Italian lessons on a Monday morning have turned out to be great fun and because our brilliant teacher wields the hand of a circus master exceedingly firmly over our attempts to break free into flights of fancy and idle chatter, we do seem to be learning some Italian. Homework topics are inspired. Quite often someone brings cake or biscuits, so one week we were set to describe a biscuit named after a place or person (Garibaldi, Bath Olivers of course but who knew the Marie biscuit was dreamed up by Peek Freans in 1874 in honour of the marriage of the Grand Duchess Alexandrovna of Russia to the Duke of Edinburgh.

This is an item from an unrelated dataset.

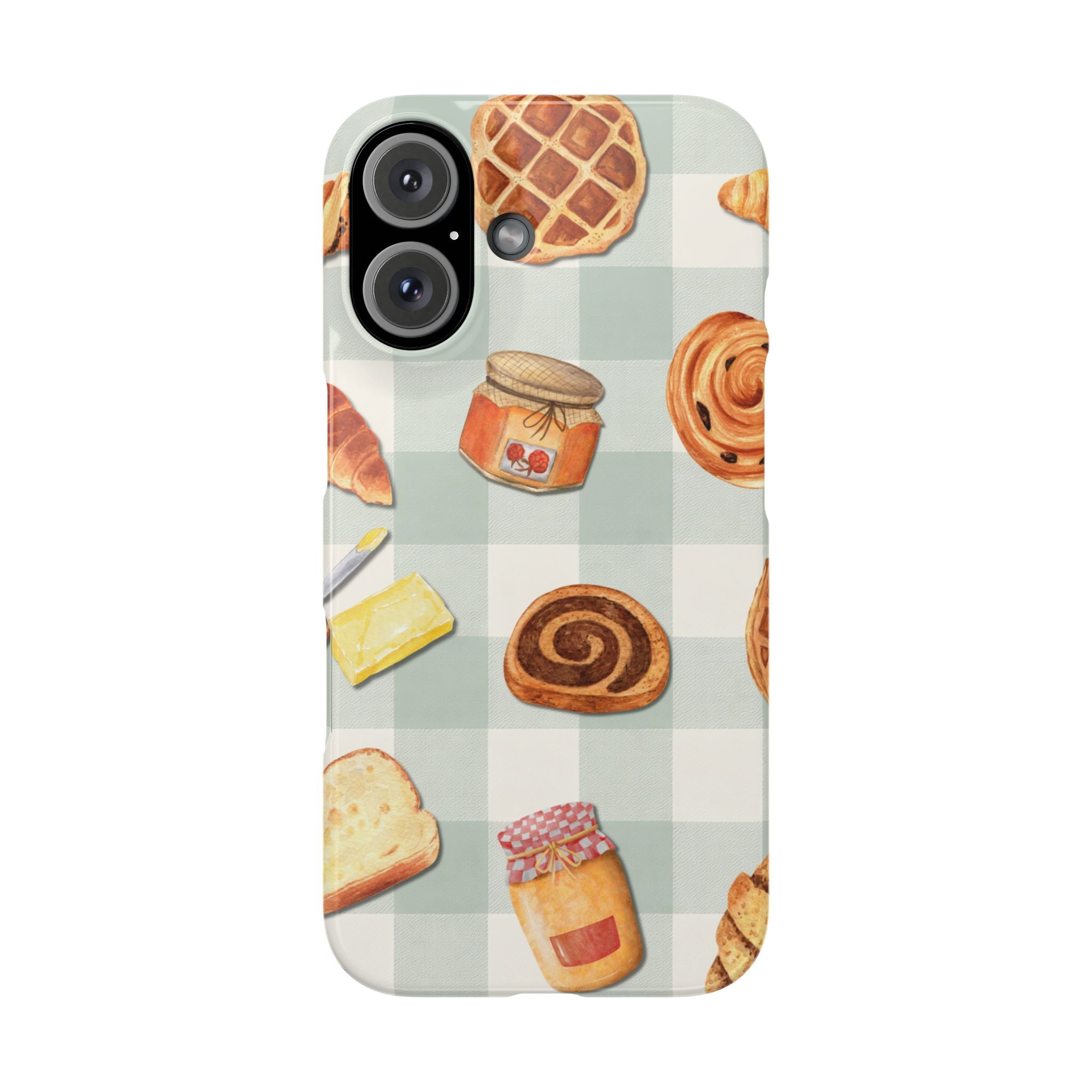 Bakery Breakfast Phone Case — Cute Pastry Pattern Snap Case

A rather bland biscuit to our tastes now, it took Europe by storm and was especially popular during the Spanish Civil War when it became a national treasure and symbol of the country’s turn of fortunes as bakeries converted the vast quantities of surplus wheat into Marie biscuits? Extraordinary!)
Tip of the week, another homework topic, included suggestions to use Easy Slide pads under kitchen appliances for fingertip moving, lots of vinegar and baking powder for cleaning and using a Lakeland wash ball instead of washing powder or liquid in your washing machine. In true show and tell mode, products were brought in and handed round. All explained in Italian – of course.
There we are eight women of a certain age and even in Italian we’re talking about cooking and cleaning. Oh dear! Just to be quite clear, our teacher is MUCH younger and we do have the occasional man – that is a man comes occasionally when not having to care for his ill wife. But it has to be said that our solitary man does tend to slew the conversation round to sport at every opportunity. Please try not to let the phrase “sexual stereotyping” pop into your head.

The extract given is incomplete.